• _Problem statement_:
From the line containing "Scanned document page 5" to the last line of the records below, repeat every line exactly and add nothing else.

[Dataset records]
▬▬▬▬▬▬▬▬▬▬
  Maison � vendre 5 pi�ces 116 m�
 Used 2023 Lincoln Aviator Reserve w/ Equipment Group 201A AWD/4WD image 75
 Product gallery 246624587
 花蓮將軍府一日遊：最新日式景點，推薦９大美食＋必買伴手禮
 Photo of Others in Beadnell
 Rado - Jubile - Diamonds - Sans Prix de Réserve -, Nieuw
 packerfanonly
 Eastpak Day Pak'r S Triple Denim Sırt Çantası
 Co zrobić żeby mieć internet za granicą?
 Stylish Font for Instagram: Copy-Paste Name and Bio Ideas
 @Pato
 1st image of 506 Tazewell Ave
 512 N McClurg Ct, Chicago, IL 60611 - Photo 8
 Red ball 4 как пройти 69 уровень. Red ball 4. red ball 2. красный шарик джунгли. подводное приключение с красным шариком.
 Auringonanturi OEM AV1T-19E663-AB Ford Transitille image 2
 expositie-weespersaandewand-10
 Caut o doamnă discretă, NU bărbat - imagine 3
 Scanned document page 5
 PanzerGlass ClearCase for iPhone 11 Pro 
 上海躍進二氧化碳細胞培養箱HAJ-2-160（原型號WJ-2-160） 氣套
▬▬▬▬▬▬▬▬▬▬
• _Result_:
 Scanned document page 5
 PanzerGlass ClearCase for iPhone 11 Pro 
 上海躍進二氧化碳細胞培養箱HAJ-2-160（原型號WJ-2-160） 氣套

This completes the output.